彼女は再び一歩、距離を詰めるが、今度はゆっくりとした動作だった。
「ノクス様。あなたが……私たち魔族に対しても偏見を持たず、等しく礼を言える方だとわかりました。だからこそ、お願いがありますの」
彼女はゆっくりと跪き、ドレスの裾を静かに揃えた。
「……私は吸血種。名をリゼリア
あなたに――ある協力をお願いしたいのです」
ノクスは目を見開いた。
リゼリアは、もう笑っていなかった。
その瞳は真剣で、誠実だった。
「私がなぜアリス様を狙ったのか……すべてをお話しいたします。
その上で――私の目的に、力を貸していただけませんか?」
頭を深く下げる彼女。
ノクスは混乱していた。
なぜ自分に? なぜこのタイミングで? そもそもリゼリアが何を考えているのか、自分にはまるで見当がつかない。
けれど――
その頭を下げる姿勢から伝わる覚悟と、言葉ににじむ真剣さに、ノクスは本能的に「嘘ではない」と感じ取った。
(……なんなんだ、この人)
彼女の本音と目的、その核心にはまだ触れていない。
それでも、ここで背を向けるのは――自分の在り方ではないと思った。
「……わかりました。
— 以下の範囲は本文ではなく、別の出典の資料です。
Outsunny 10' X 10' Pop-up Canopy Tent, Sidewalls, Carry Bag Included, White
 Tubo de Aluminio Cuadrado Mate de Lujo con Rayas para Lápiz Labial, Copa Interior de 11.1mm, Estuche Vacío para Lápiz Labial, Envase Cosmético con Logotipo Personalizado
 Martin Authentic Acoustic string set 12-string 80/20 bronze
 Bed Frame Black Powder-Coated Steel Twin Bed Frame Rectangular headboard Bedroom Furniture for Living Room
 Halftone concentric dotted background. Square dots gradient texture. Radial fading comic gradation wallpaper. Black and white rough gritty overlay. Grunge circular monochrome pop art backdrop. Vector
話を、聞かせてください」
ノクスは静かにそう言った。
リゼリアは、ゆっくりと顔を上げ、月光の中でほほえんだ。
その笑みは、妖艶でも、からかうものでもなく――
どこか、安堵のようなものすら感じさせる、静かな微笑みだった。
こうして、月光に照らされた廊下での密やかな対話は、静かに幕を開けるのだった。